GLAAD, too, has been a vocal opponent of MSM blood restrictions. In July of 2013, they hosted the “first-ever National Gay Blood Drive,” an act of protest against the FDA. Though it did not become the annual event the pitch made it out to be, the Gay Blood Drive has been revived by “supporters of the original cause” and maintains an active blog on the subject. The intention of the original National Gay Blood drive, they explain, was to create “a peaceful country-wide stance in which normally eligible bisexual/gay male donors would show up to get tested at their local blood donation center and attempt to donate their blood.” Each donor would inevitably be refused, and, as that happened, “their evaluation result [would] be taken, collected and passed to the FDA – visually conveying on a national level how much blood that the gay community could give to the blood supply if they lift their ban and change the current policy.”
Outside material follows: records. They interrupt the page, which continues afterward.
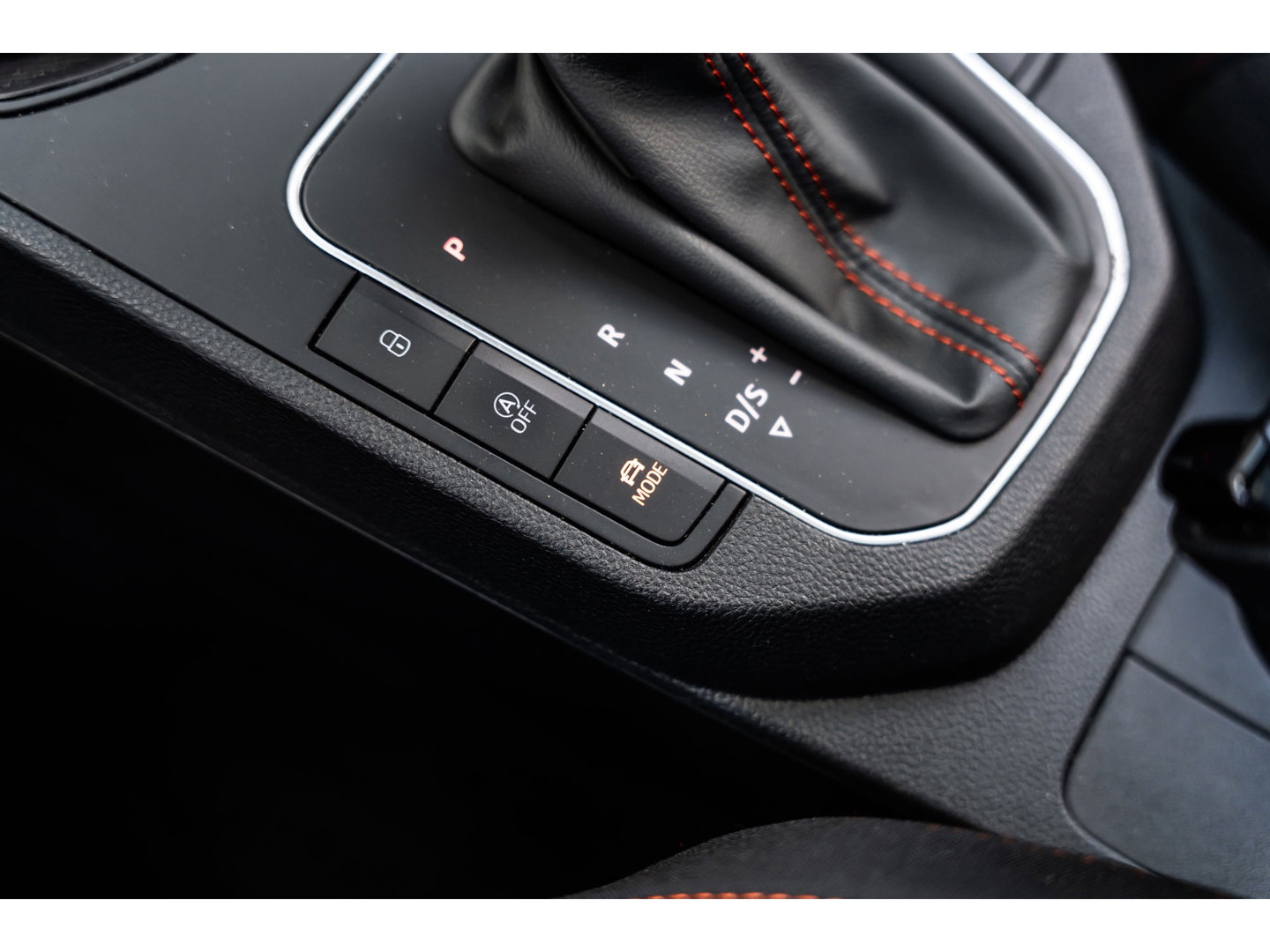 SEAT Ibiza 1.5 TSI FR BLACK EDITION PANO VIRTUAL CAMERA
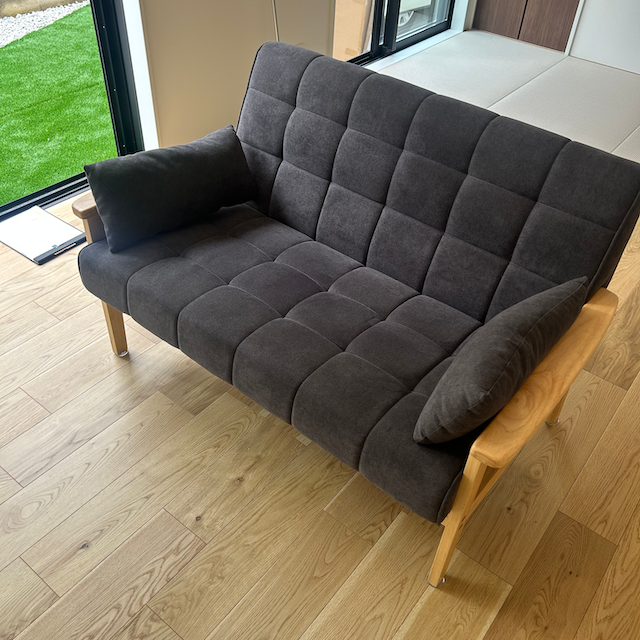 家具レンタルソファの写真
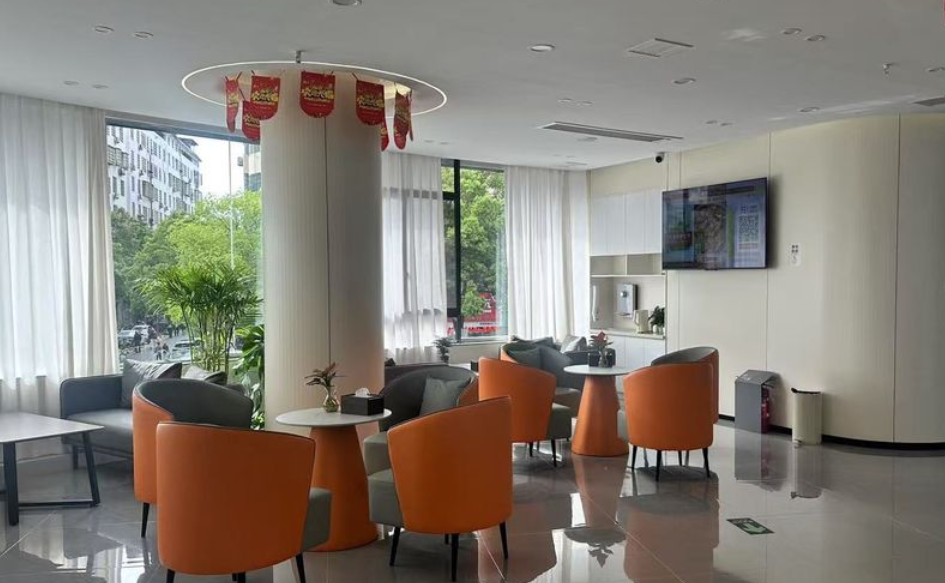 宜春雅乐康口腔医生团队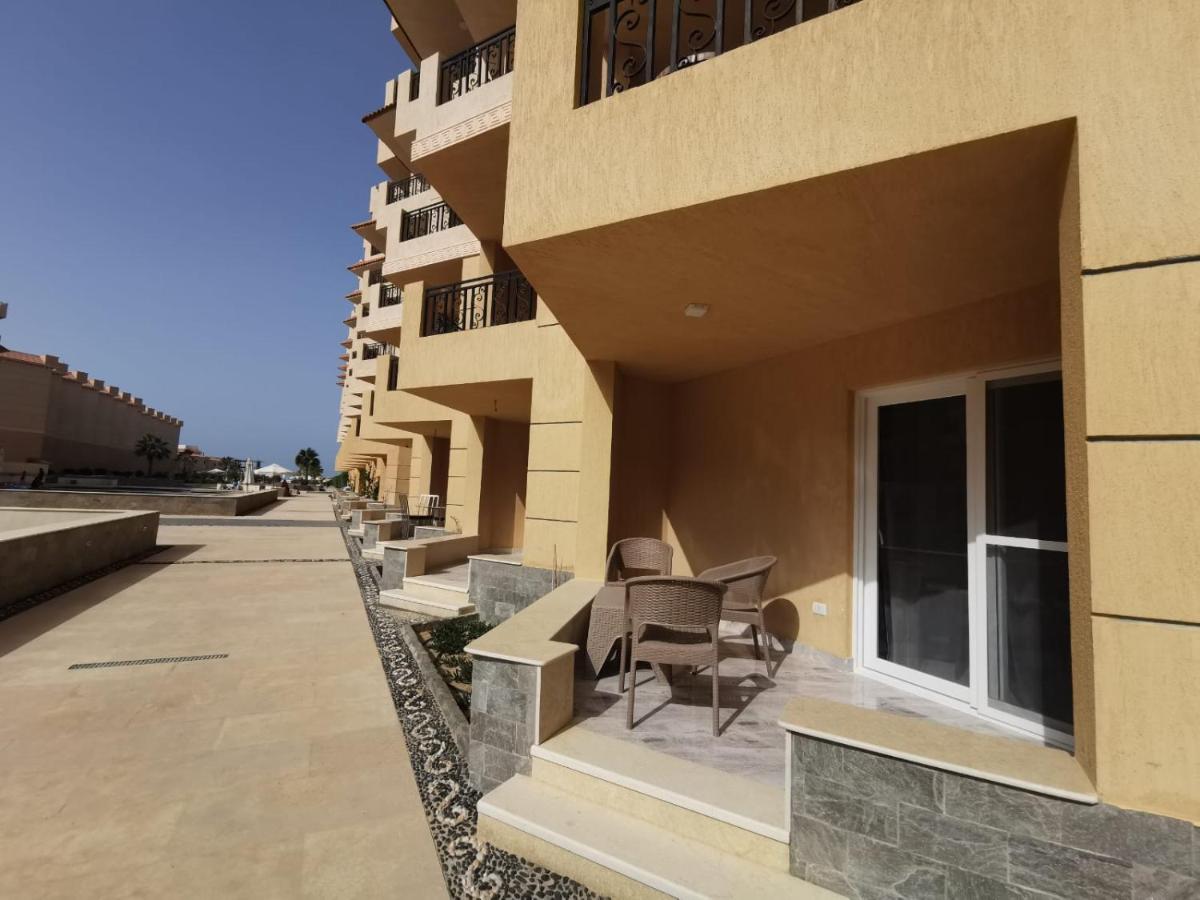 Selena Bay Resort - VIP apartment with Private Beach - Ferienwohnung Hurghada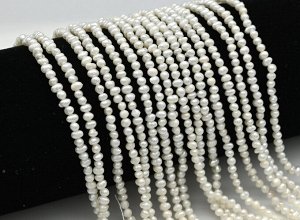 Бусины из жемчуга шарик 3-4мм белый, 36см, 139 бусин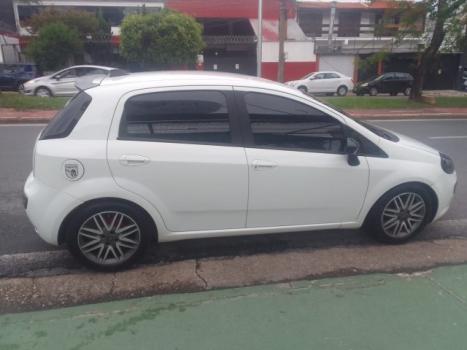 FIAT Punto 1.6 16V 4P ESSENCE FLEX, Foto 5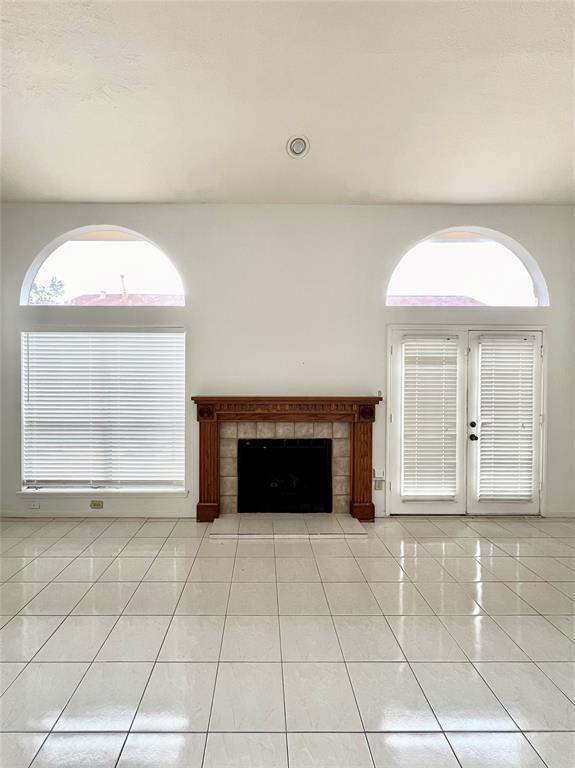 Building Photo - 10119 Reedwood Ln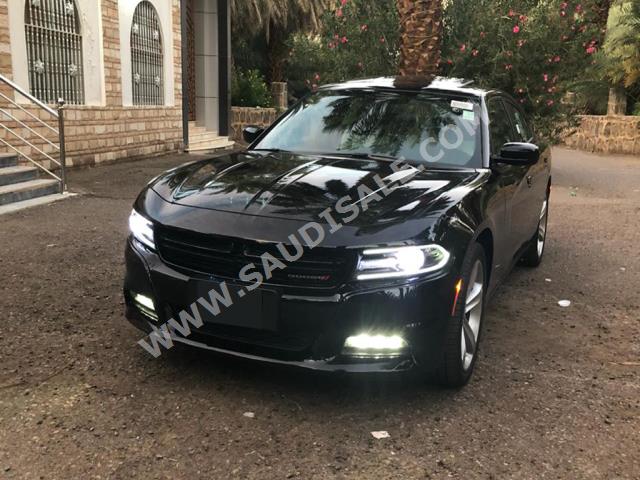 2018 Dodge Charger SXT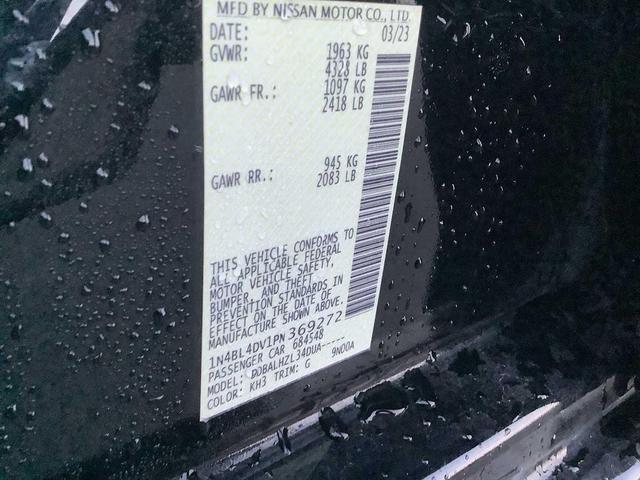 Photo of 2023 Black Nissan Altima
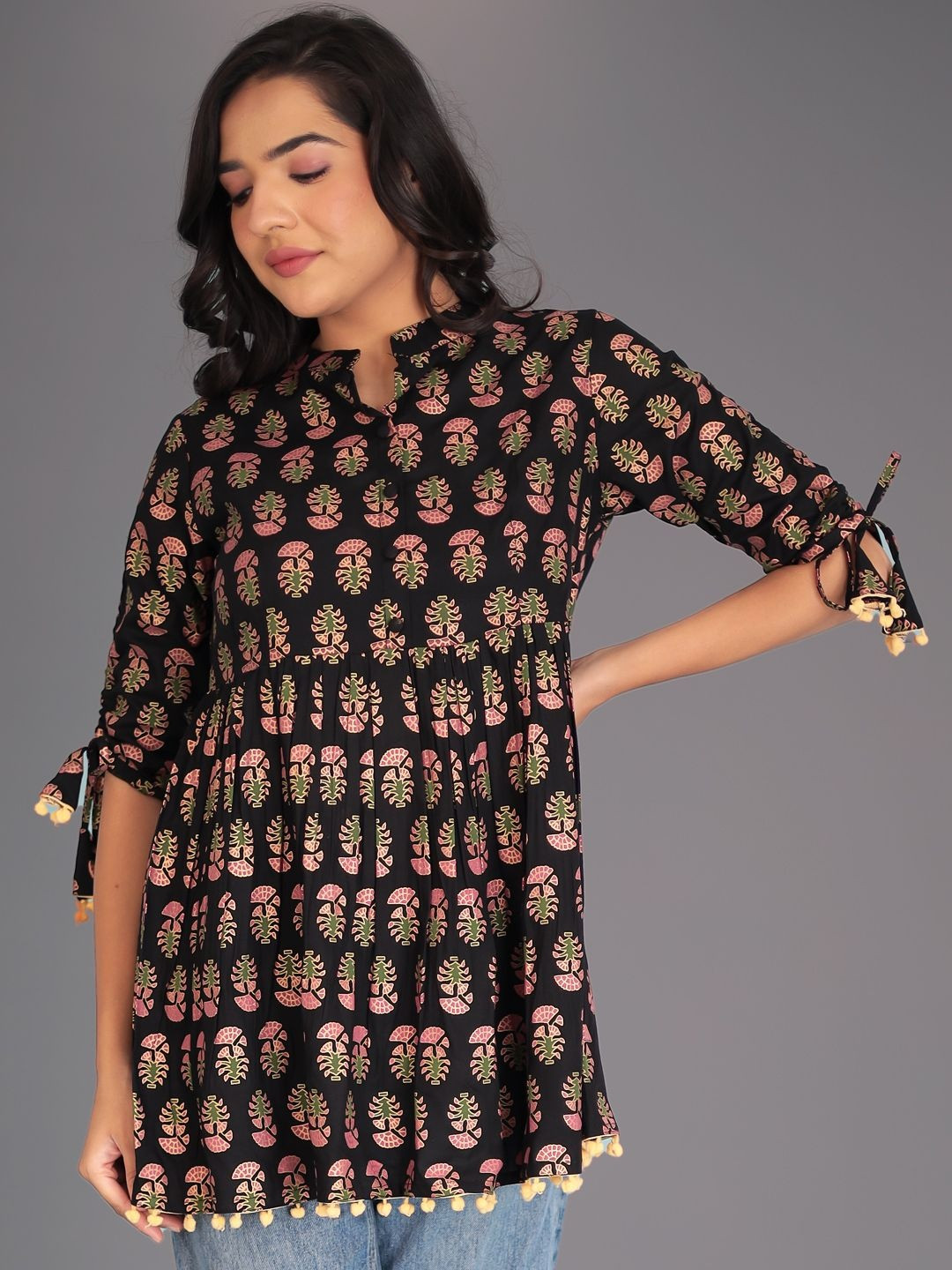 INVI Women Printed Mandarin Collar Pleated Detail Peplum Top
Though the future of the Gay Blood Drive remains uncertain in the time of COVID-19, its mission is clear. Like Jordan Eagles and Blood Equality, it aims to show the FDA just how much viable blood is being turned away due to archaic, discriminatory practices. The security of America’s blood supply is tenuous in the best of times; it cannot afford to reject donors on this scale. We need these donations, and modern medicine has rendered them by and large safe, so, these activists argue, there is no reason to reject them beyond pure discrimination.